> **Material to process**:
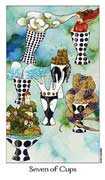 Seven of Cups Tarot card in Dreaming Way Tarot deck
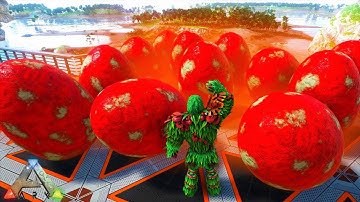 The Alpha Trex Army Begins !!! ARK CRYSTAL ISLES ARK: SURVIVAL EVOLVED ARK MODDED E24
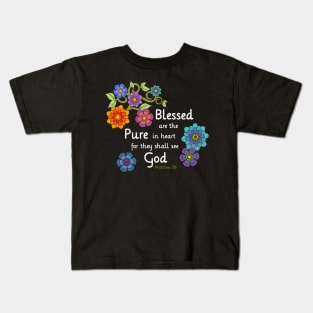 Blessed are the Pure Kids T-Shirt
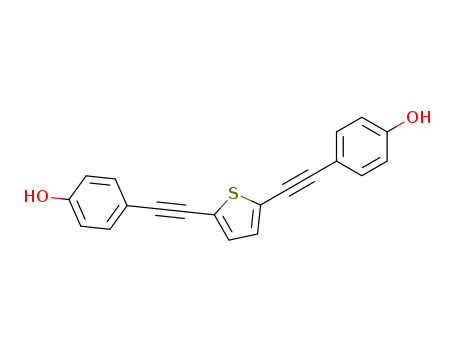 2,5-bis(4-hydroxyphenylethynyl)thiophene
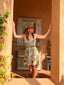 Robe courte Gloria kaki LARAETHNICS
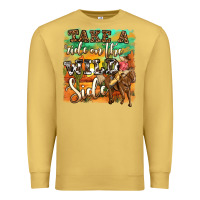 Antique Gold take a ride on the wild side Premium Sweatshirt - OliviaCreatesArt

> **Work request**:
The lines from the one containing "2,5-bis(4-hydroxyphenylethynyl)thiophene" through the last line of the entries are to be copied exactly, both ends included, and the pictures are to be omitted.

> **Worked solution**:
 2,5-bis(4-hydroxyphenylethynyl)thiophene
 Robe courte Gloria kaki LARAETHNICS
 Antique Gold take a ride on the wild side Premium Sweatshirt - OliviaCreatesArt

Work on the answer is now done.